CAN on 8p8c Connectors

8p8c is not RJ45

Pedantic Warning You will often hear people call the modular connectors that are used for Ethernet "RJ45", but that standard is a very specific thing that is not actually what you're using. The correct term is an 8p8c connector, which refers to the 8 positions and 8 contacts.

I have often done this myself, but for the purposes of being technically correct, I will try my best to stick to the proper designation.

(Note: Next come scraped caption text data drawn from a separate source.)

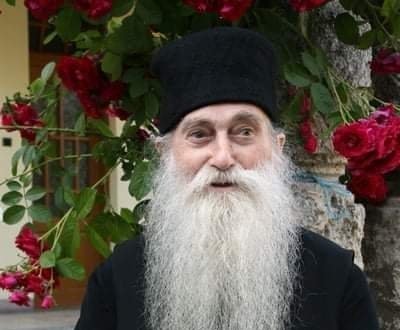 Părintele Arsenie Papacioc: „Inima este o fiinţă în fiinţa noastră” 324658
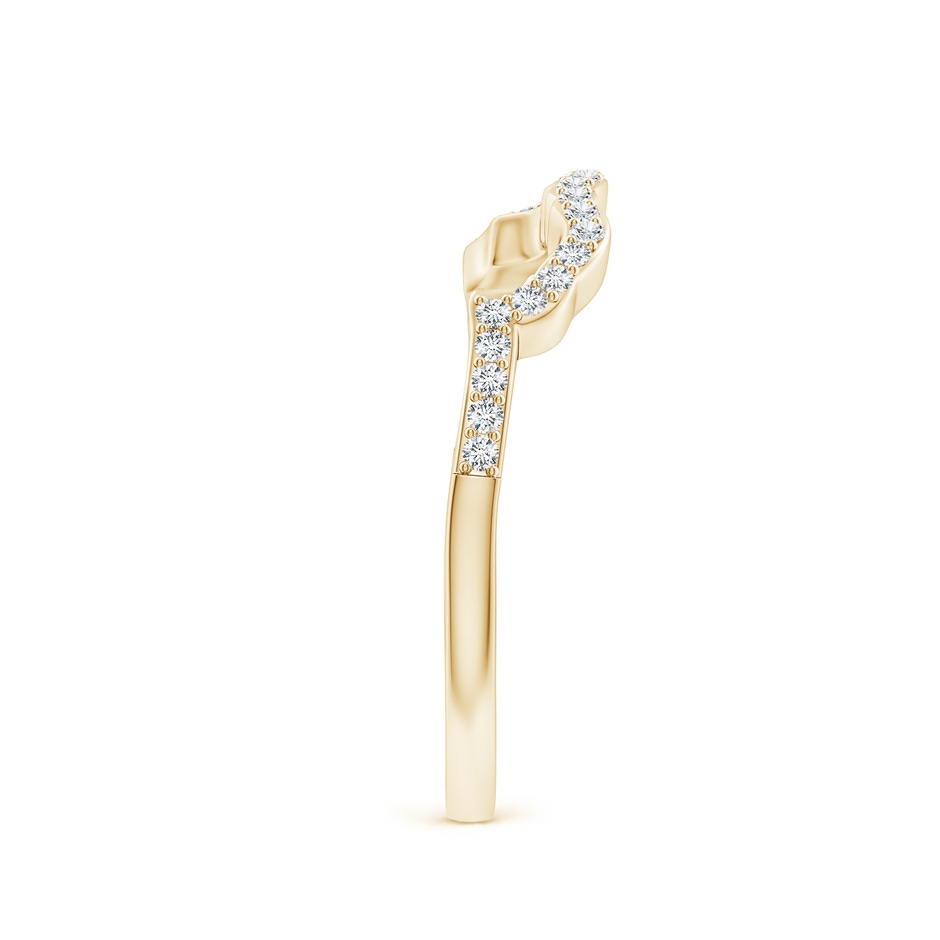 1.2mm FGVS Prong-Set Lab-Grown Diamond Contoured Wedding Ring in 18K Yellow Gold side 299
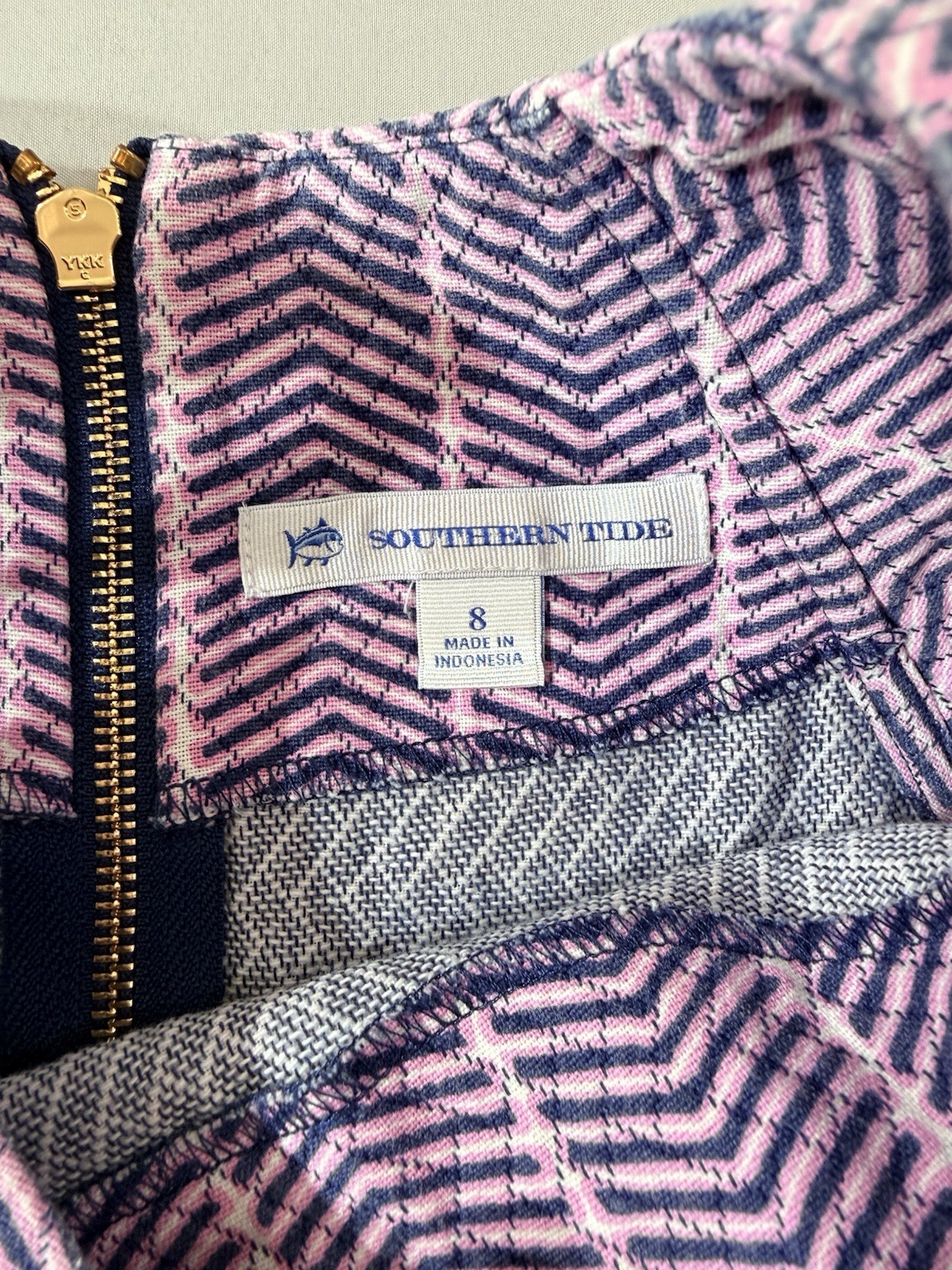 Southern Tide Chevron Shift Dress Purple Pink Navy Sleeveless 8 preppy, beachy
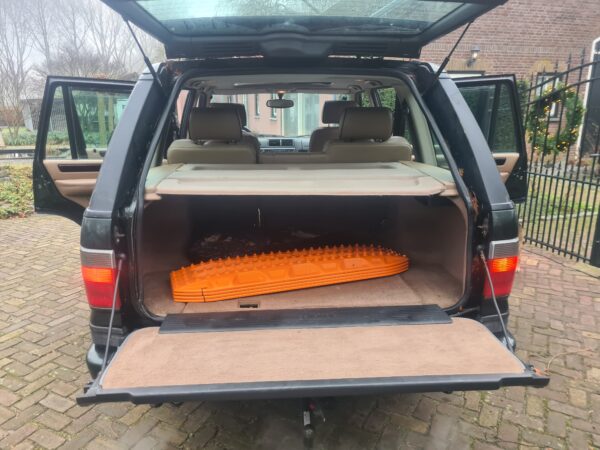 range rover P38 4.0 V8 automaat HSE bouwjaar 1999 kleur groen met electrische stoelen moka beige leer en terreinbanden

For the project, I want to connect the string of devices over CANbus. To do that, I intend to leverage the ubiquitous 8p8c that you see all over the place in Ethernet.

Goals

There were a few goals in mind:

1. Use existing standards and easily available connectors and cables
2. Deliver power over the same cable as the signal
3. Provide reasonable noise immunity

The noise immunity is pretty easy given this is a differential signal and we are going to use twisted pairs to twist the high and low signal together. Looking at an oscilloscope trace of the CAN signal from this TI application note, you can see the differential nature:

Connector Signal Mapping

For the ends, I chose to use a rather boring layout, but I wanted to make sure CAN was twisted together, and that each of the +12V wires was also twisted with a ground.

Cable Wiring

The wiring is standard Ethernet wiring, following the T568A standard. The reality is that it doesn't matter whether you use T568A or T568B, quite honestly, but I just picked A because it's the most common and what the typical patch cable is wired for.

Category 5/5e is more than adequate for the signalling that CAN or CAN FD use. The general rating for Category 5 is 100MHz, and if we look at a quality cable, like the Belden 1224, we can see that it has the following characteristics:

Max DCR	Max DCR Imbalance	Max Capacitance	Insertion Loss(100MHz)	Fitted Impedence
89Ω/km	3%	33pF/100m	21dB/100m	100±15Ω

And it is, in fact, rated to 350MHz, far in excess of what's needed.

The makes the overall wiring looks like this:

Power Handling

Voltage Smoltage

I haven't actually settled on the voltage to use on the cabling. For now, I am using +12V, but moving up to +48V would (basically) quadruple the available power without requiring any additional copper. It does, however, somewhat complicate the individual device power supplies.

At this point, I'm planning to run +12V across the cable to allow for most things to be powered off the central device. Given I use solid rather than stranded cables, we can the standard AWG wire gauge ratings of 3.5A on a 24 AWG single-core wire.

Now we can't do the math quite yet, as we need to derate the wire based on two different factors, according to the NEC:

1. Ambient operating temperature
2. More than 3 wires in a cable

So, if we do the math for operating at 40C (104F), and with the 3 power carrying conductors in the cable, we get derating factors of 0.88 and 0.80 respectively. So...

\[\begin{align} P &= 3 (3.5A \times 0.88 \times 0.80) \\ &= 3 (2.464) \\ &= 7.392A \end{align} \]

So that means we can do 7.392 * 12 = 88.7W of power on the cable. But there's a catch. The current most advanced power-over-ethernet (PoE) standard, IEEE 802.3bt-2018, says that each pair of conductors is designed to handle 960mA, which would actually put us at (generously!) 960 × 2 or 1.92A, or 23W at 12V.

This is the reason I'm thinking of switching to driving the cable with 48V, which would let me move up to 92W, which is about what the standard allows. So, perhaps I will change to a 48V distribution, which will require something like an LM5576.

We'll burn that bridge when we come to it.

Quick Note About Diagrams

The diagrams above were done with an amazing tool called Wireviz, and embedded into the MkDocs site you're reading using a little hacky Markdown extension I wrote.